Czy ktoś za tą grą przepada, czy też nie cierpi jej z głębi serca, jedno trzeba przyznać – Fortnite to absolutny fenomen interaktywnej rozrywki. Bez eksplozji popularności tego darmowego battle royale branża z pewnością wyglądałaby dziś nieco inaczej… a niewiele brakowało, by tak właśnie było. Rod Fergusson – były szef produkcji w studiu Epic Games – ujawnił w rozmowie z serwisem Game Informer, że tuż przed swoim odejściem z firmy próbował skasować ten projekt.
Przypomnijmy, że choć nagły wzrost zainteresowania Fortnitem przypadł na połowę 2017 roku, kiedy to dodano darmowy tryb battle royale, po raz pierwszy o grze usłyszeliśmy niemal sześć lat wcześniej. W pierwotnej wersji rozgrywka skupiała się na zabawie w kooperacji, walce z hordami zombie i budowaniu fortów, ale w takiej formie nie wzbudziła wielkiego zainteresowania zarówno u graczy, jak i u niektórych wyżej postawionych deweloperów.
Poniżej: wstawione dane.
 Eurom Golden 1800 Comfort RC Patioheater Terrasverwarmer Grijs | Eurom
Jednym z nich był właśnie Rod Fergusson, który w 2012 roku porzucił Epic Games na rzecz krótkiego epizodu z Irrational Games, a następnie został zatrudniony przez Microsoft jako szef nowo powstałego studia The Coalition.
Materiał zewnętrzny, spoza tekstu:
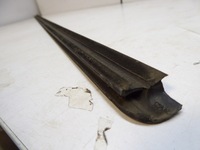 фото thumb №6, Twingo ii молдинг уплотнитель перед правая 3d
Gdybym został w Epic Games, skasowałbym Fortnite’a. Zanim odszedłem, próbowałem go skasować. Jako Save the World (podtytuł oryginalnej wersji – przyp.) ten projekt miał swoje trudności. Byłem wówczas szefem produkcji i ta gra nie przekonałaby mnie, że to coś, co powinniśmy kontynuować. Kiedykolwiek ktoś pyta mnie, czy nie czuję się źle, że odszedłem przed sukcesem Fortnite’a, odpowiadam: „Nie, ale wy powinniście się czuć bardzo dobrze, bo tytuł, który kochacie, sensacja na światową skalę, nie istniałby, gdybym został w Epic Games”.
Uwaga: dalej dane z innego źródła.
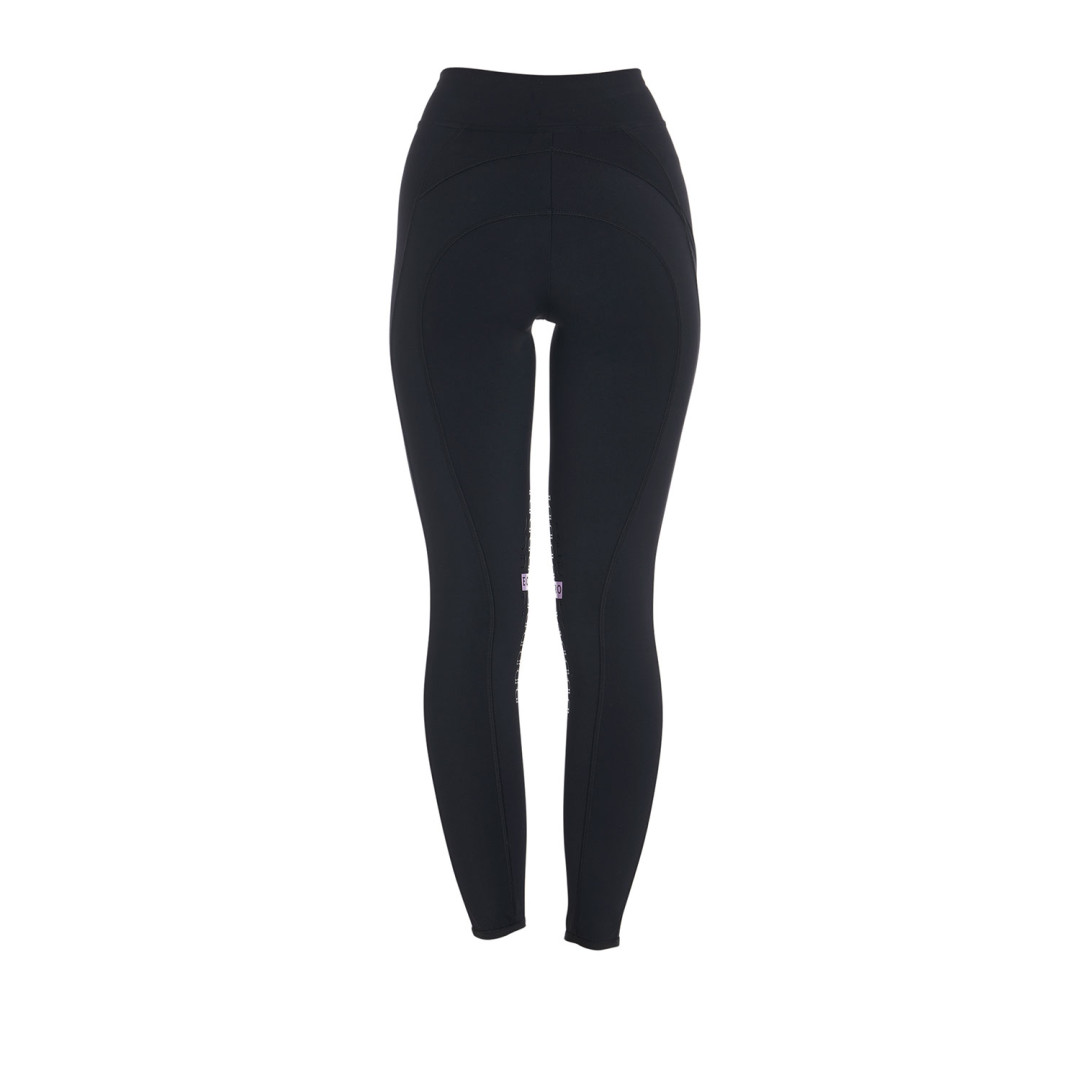 Legging Equestro Kao Modèle Léger Tissu Technique Stretch Legging Equestro Kao Modèle Léger Tissu Technique Stretch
Rod Fergusson, szef studia The Coalition
Fortnite stał się fenomenem w połowie 2017 roku, kiedy na fali popularności PlayerUnknown’s Battlegrounds deweloperzy postanowili dodać do gry tryb battle royale i udostępnić go za darmo. Produkcja szybko zdobyła serca gigantycznej liczby graczy (w marcu było ich niemal 250 milionów) i uczyniła swoich twórców krezusami. Dziś to znaczący element popkulturowej rzeczywistości, w który zagrywają się wszyscy – od dzieci po celebrytów. Ciężko sobie wyobrazić, jaka przyszłość czekałaby Epic Games i sam gatunek battle royale, gdyby Fergusson przed odejściem postawił na swoim i skasował Fortnite’a… ale biorąc pod uwagę to, jak skrajne reakcje wywołuje ten tytuł, z pewnością znajdzie się sporo graczy, którzy zdecydowanie woleliby taki scenariusz.